Last Wednesday’s RightOn webinar consisted of an expert analysis of democracy and the rule of law amidst the COVID-19 pandemic. Towards the very end of a highly engaging discussion, the audience were invited to participate in a poll. Introduced as a ‘devil’s advocate’ question, they were asked: are authoritarian or democratic regimes best placed to respond to the pandemic? Given that the question was asked of what one can reasonably assume to be a human rights-friendly global audience, one could be forgiven for assuming that the answer would be as one-sided and obvious as asking a restaurant full of vegetarians if they would like roast beef or Tofu burgers for lunch?

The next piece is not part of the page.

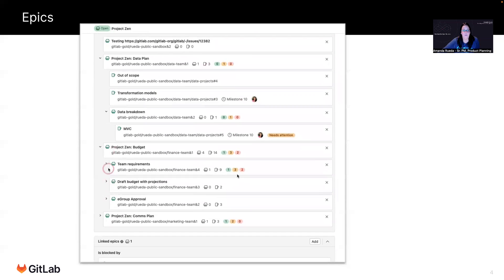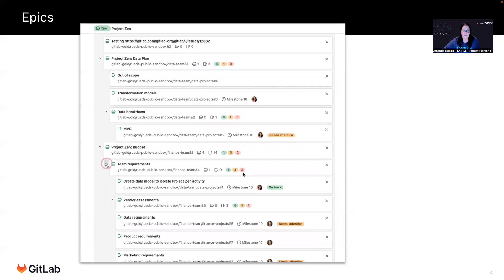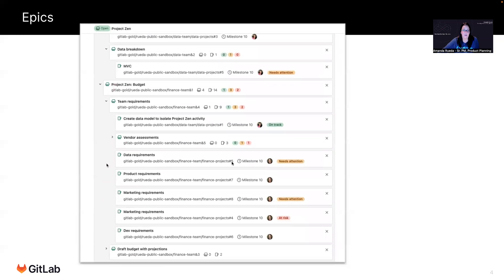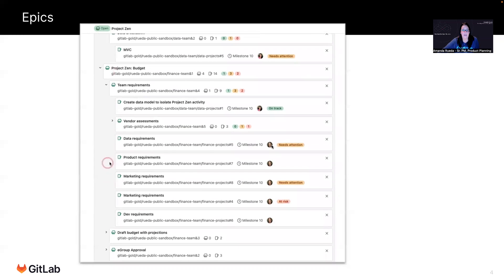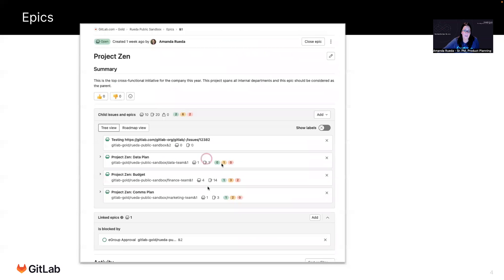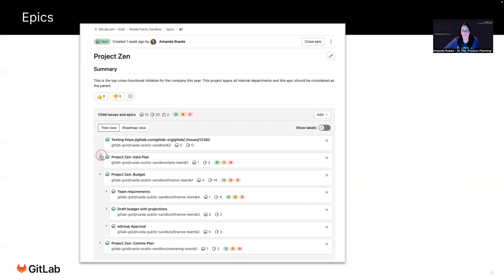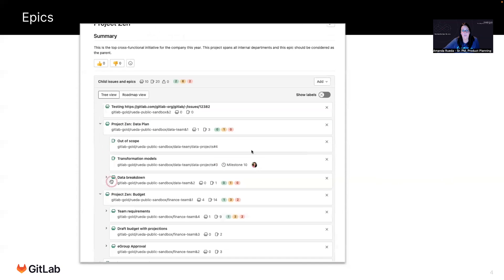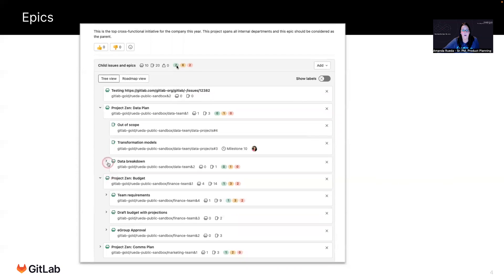I can then drill down further to see the specific issues which are at risk, and then I can reach out to the person assigned to them and find out what the problem is. This is a really nice view for the stakeholders, for executives, and for folks who aren't in the day-to-day issues to be able to see how a project is tracking.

The eye-catching and blog-inspiring response from the 120 (or so) sample was a dead heat: 50/50. To the obvious surprise of a number of the contributors and the co-host who introduced the poll, half of the audience appeared to be expressing a level of support for, or at least confidence in, the very ‘demon’ that much of the global human rights community has been condemning in recent weeks: the increasingly authoritarian approaches being adopted by a growing number of democratic States in their response to the pandemic.

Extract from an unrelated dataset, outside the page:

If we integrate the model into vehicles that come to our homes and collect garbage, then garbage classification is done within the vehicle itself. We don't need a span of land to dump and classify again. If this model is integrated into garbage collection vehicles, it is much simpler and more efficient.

Does this suggest that human rights and democracy is a relationship in trouble?
One might immediately respond to my question by pointing to a number of important factors, which seek to restore faith in the oft-proclaimed interdependency and mutual compatibility of human rights and democracy. Let us be clear, the audience were not asked if they generally preferred authoritarian rule to democratic governance. Nor was the answer half of them gave (depending on how one understands ‘authoritarian’ rule) manifestly at odds with a human rights-based approach to a global public health crisis. I suspect that the vast majority of people who support human rights would accept the principle that difficult balances have to be struck between ostensibly competing rights in times of acute crisis and emergency. As many readers will know, public health emergencies are precisely one of the select grounds upon which States may legitimately enact emergency legislation and temporarily suspend or limit their legally derogable human rights commitments and obligations, even if the current practices of many States’ implementation of emergency measures are not procedurally or substantively compliant with international law. Despite these important considerations, I personally think that the discernible disquiet caused by the poll cannot be so easily assuaged or dismissed.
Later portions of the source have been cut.